EXCERPTED DATA:
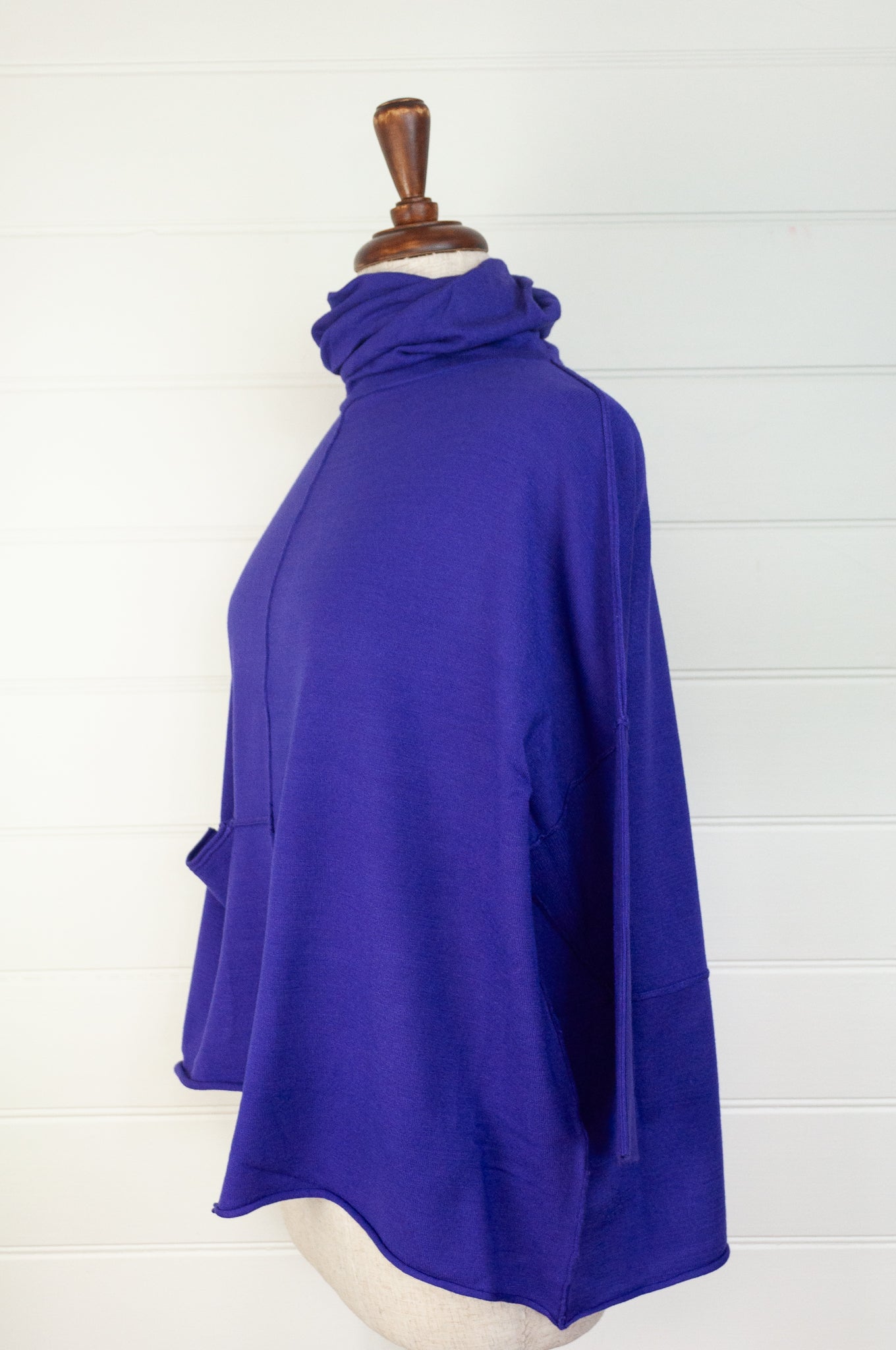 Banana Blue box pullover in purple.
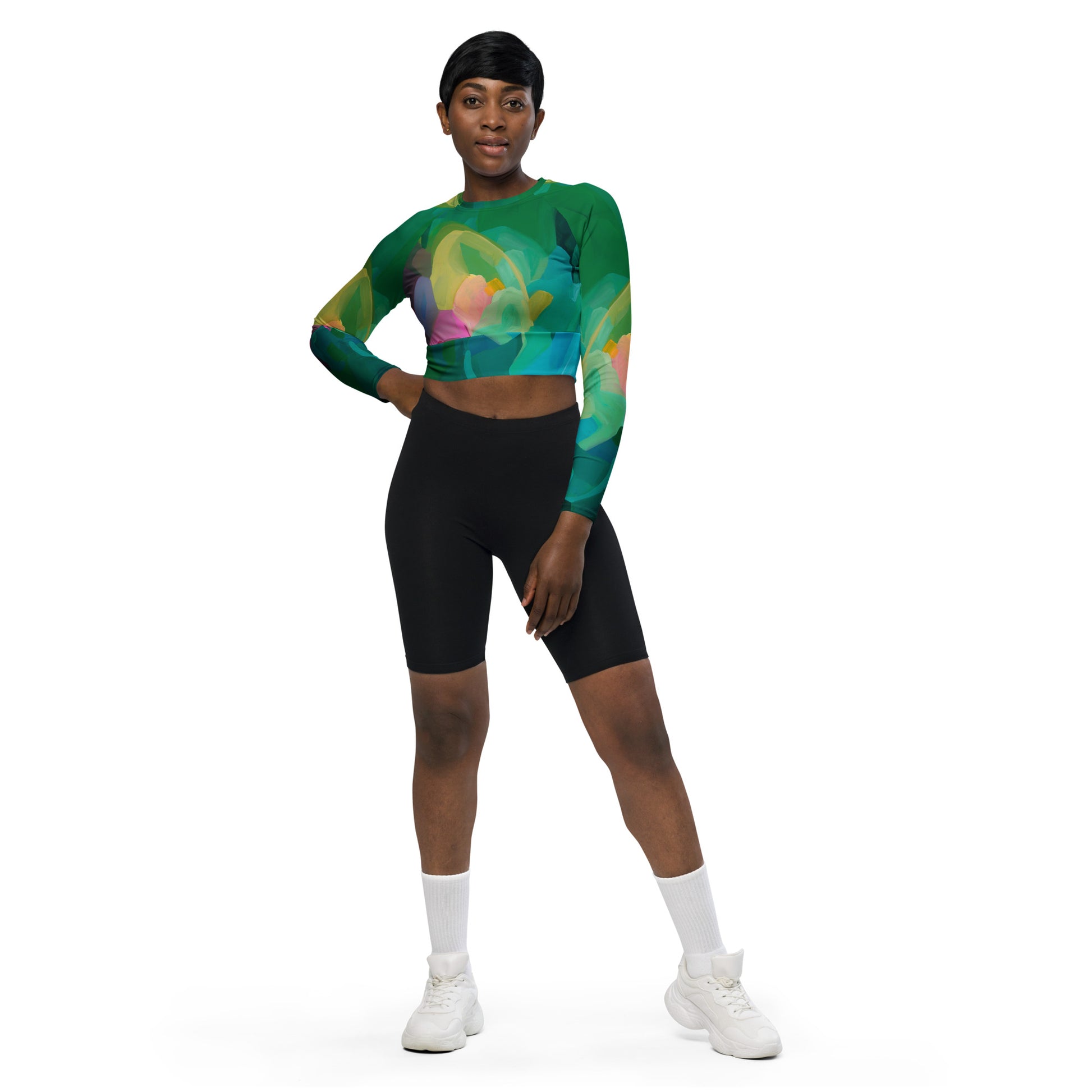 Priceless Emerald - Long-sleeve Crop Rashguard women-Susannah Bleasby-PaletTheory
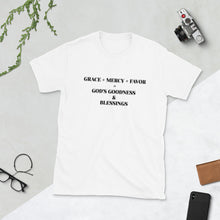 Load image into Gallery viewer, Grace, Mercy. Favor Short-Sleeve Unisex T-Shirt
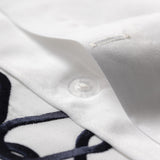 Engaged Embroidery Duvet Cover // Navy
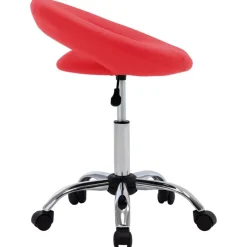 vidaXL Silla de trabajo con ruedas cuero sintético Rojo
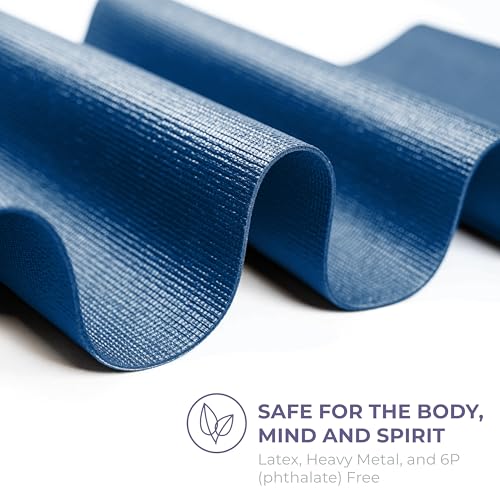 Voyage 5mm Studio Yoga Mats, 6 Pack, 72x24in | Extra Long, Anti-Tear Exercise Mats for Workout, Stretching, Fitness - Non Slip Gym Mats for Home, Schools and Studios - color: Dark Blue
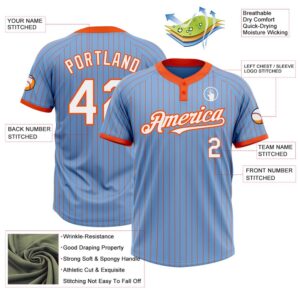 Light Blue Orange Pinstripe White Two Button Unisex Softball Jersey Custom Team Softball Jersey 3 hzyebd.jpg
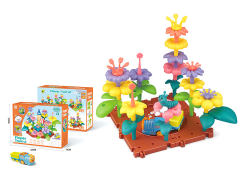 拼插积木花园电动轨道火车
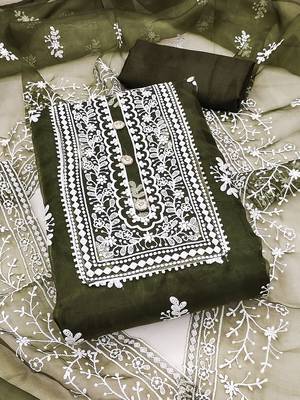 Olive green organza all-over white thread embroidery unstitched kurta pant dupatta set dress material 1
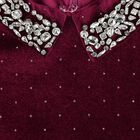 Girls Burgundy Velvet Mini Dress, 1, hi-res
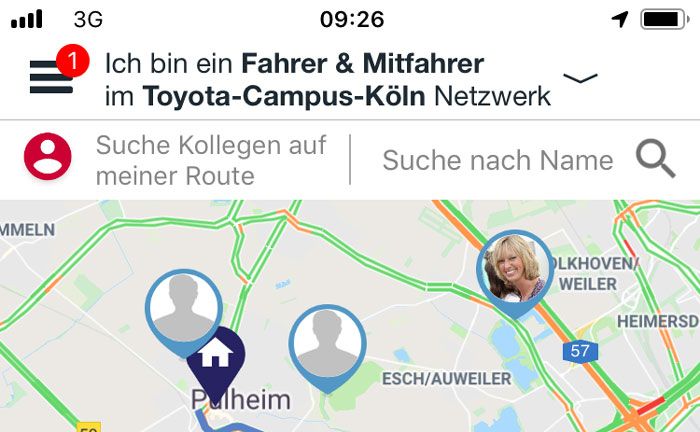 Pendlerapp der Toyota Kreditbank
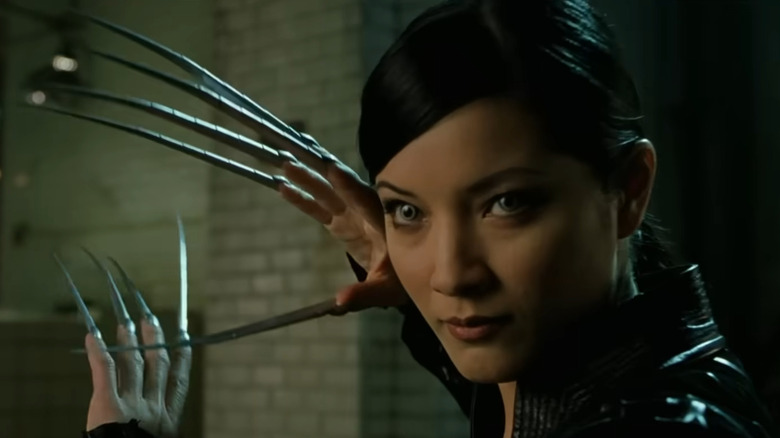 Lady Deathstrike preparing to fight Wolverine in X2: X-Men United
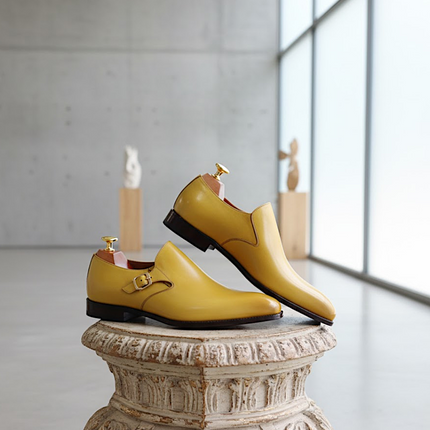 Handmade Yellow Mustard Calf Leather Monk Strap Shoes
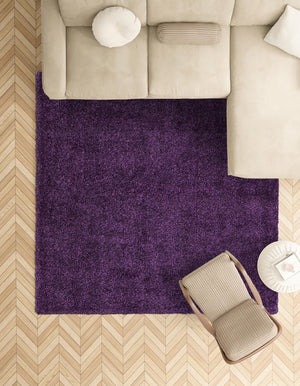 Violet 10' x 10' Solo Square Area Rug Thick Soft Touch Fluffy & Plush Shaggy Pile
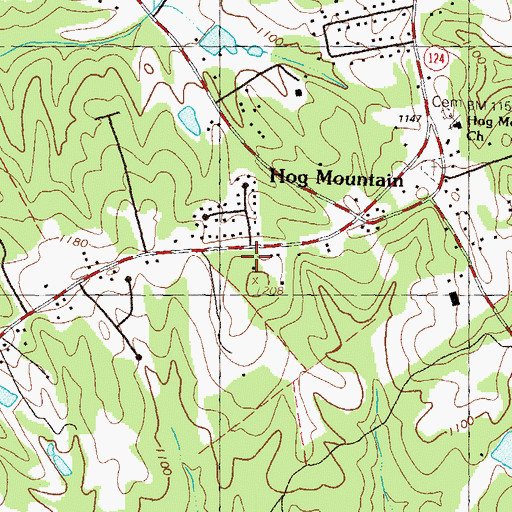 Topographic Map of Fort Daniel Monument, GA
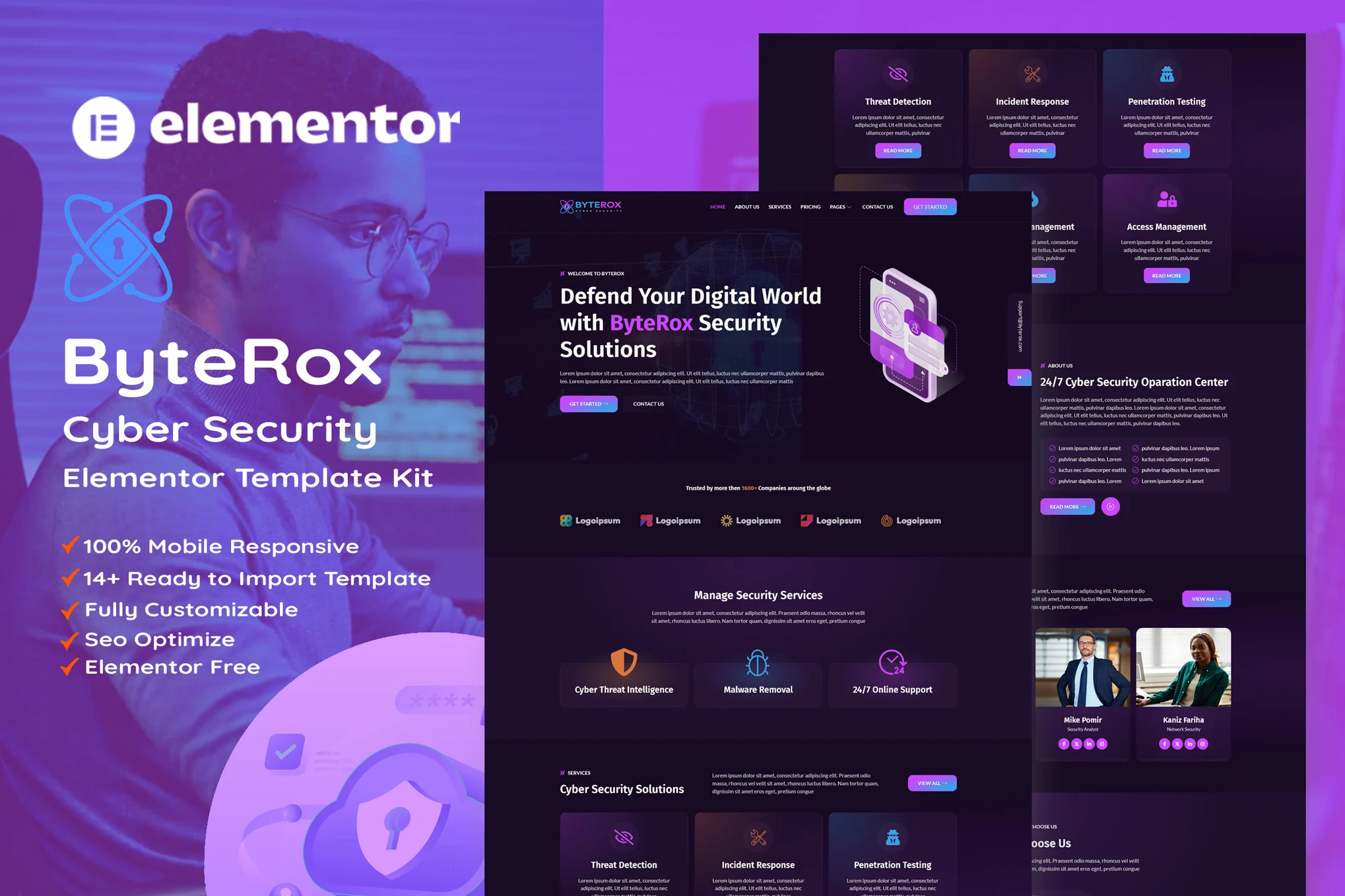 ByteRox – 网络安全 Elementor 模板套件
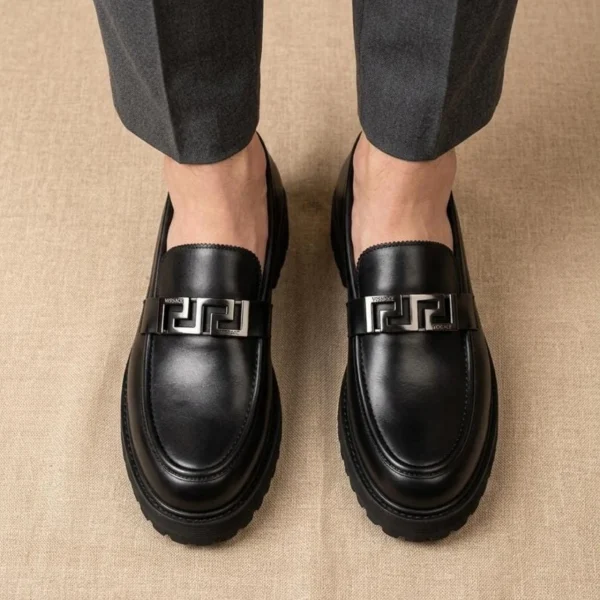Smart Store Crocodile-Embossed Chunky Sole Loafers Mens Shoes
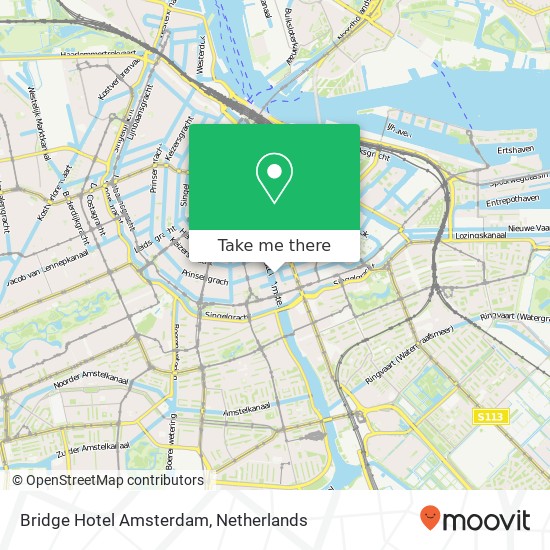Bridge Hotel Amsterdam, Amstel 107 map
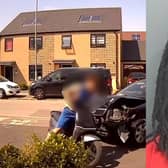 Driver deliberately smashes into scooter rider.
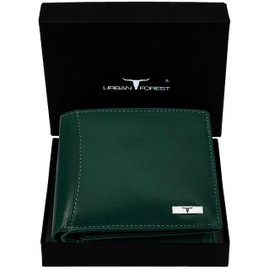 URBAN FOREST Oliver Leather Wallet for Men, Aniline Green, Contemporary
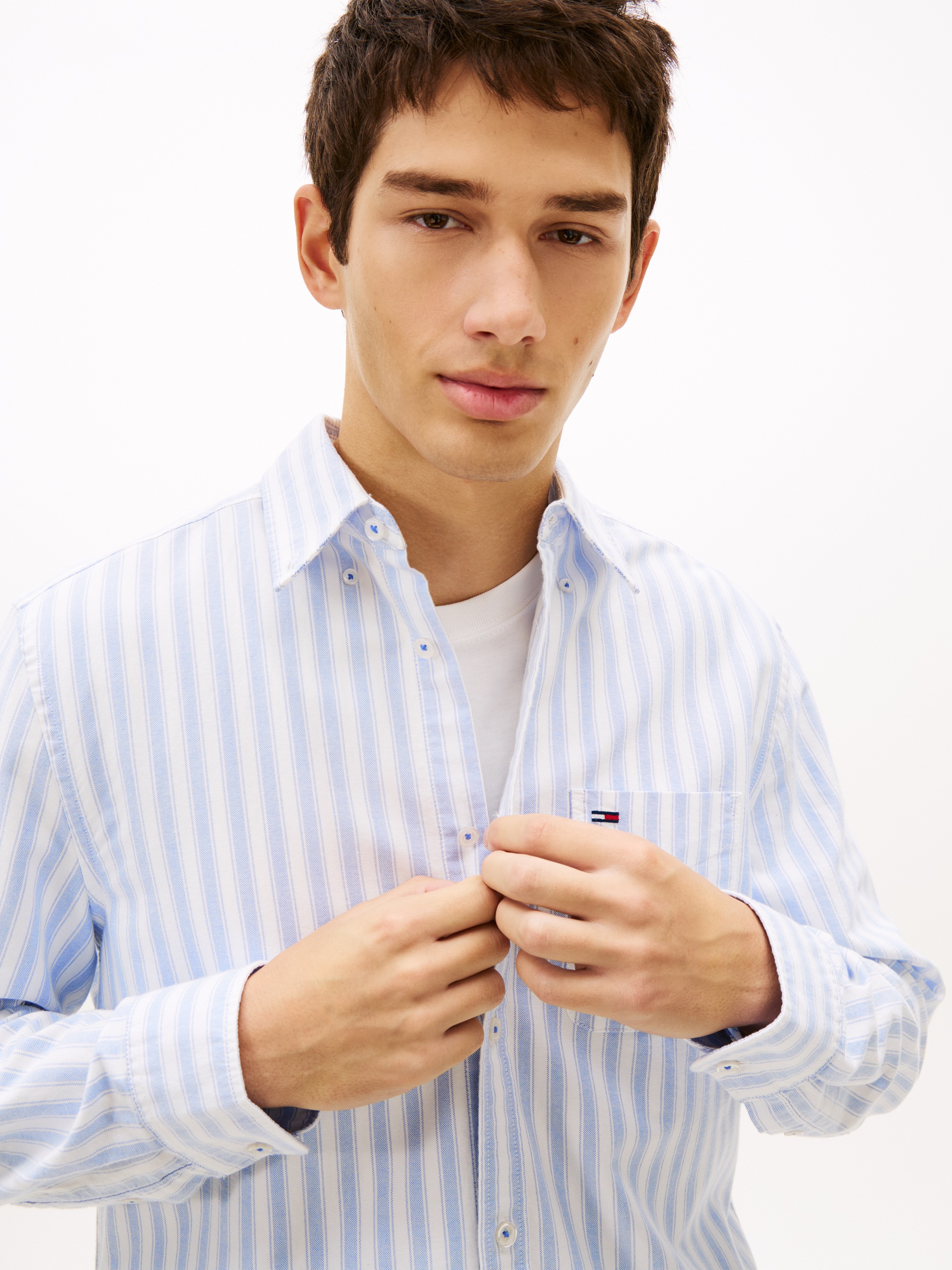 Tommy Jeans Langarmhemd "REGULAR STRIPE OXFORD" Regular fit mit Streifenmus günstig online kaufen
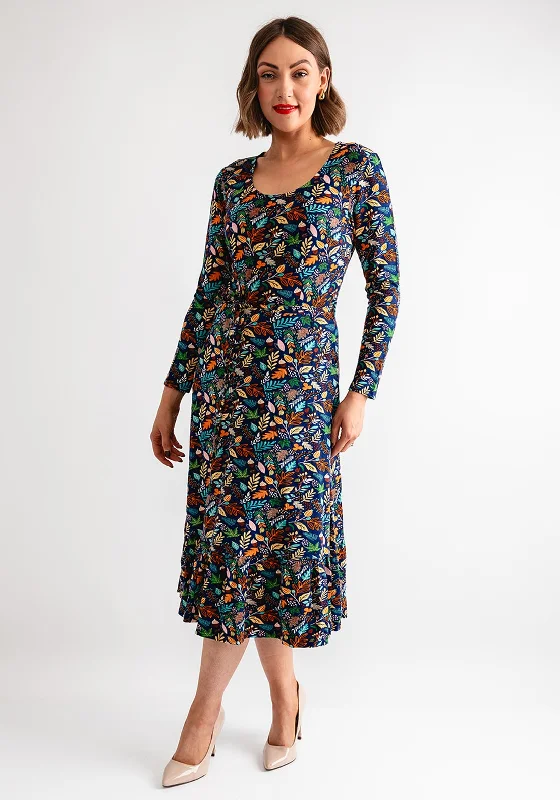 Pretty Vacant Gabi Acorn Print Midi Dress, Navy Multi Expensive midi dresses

TASK REQUIREMENTS: Return exactly the lines above, from the one with "Load image into" up to and including the one with "Girls Burgundy Velvet Mini Dress, 1, hi-res", and include no pictures.

EXERCISE ANSWER:
 Load image into Gallery viewer, Grace, Mercy. Favor Short-Sleeve Unisex T-Shirt
 Engaged Embroidery Duvet Cover // Navy
 vidaXL Silla de trabajo con ruedas cuero sintético Rojo
 Voyage 5mm Studio Yoga Mats, 6 Pack, 72x24in | Extra Long, Anti-Tear Exercise Mats for Workout, Stretching, Fitness - Non Slip Gym Mats for Home, Schools and Studios - color: Dark Blue
 Light Blue Orange Pinstripe White Two Button Unisex Softball Jersey Custom Team Softball Jersey 3 hzyebd.jpg
 拼插积木花园电动轨道火车
 Olive green organza all-over white thread embroidery unstitched kurta pant dupatta set dress material 1
 Girls Burgundy Velvet Mini Dress, 1, hi-res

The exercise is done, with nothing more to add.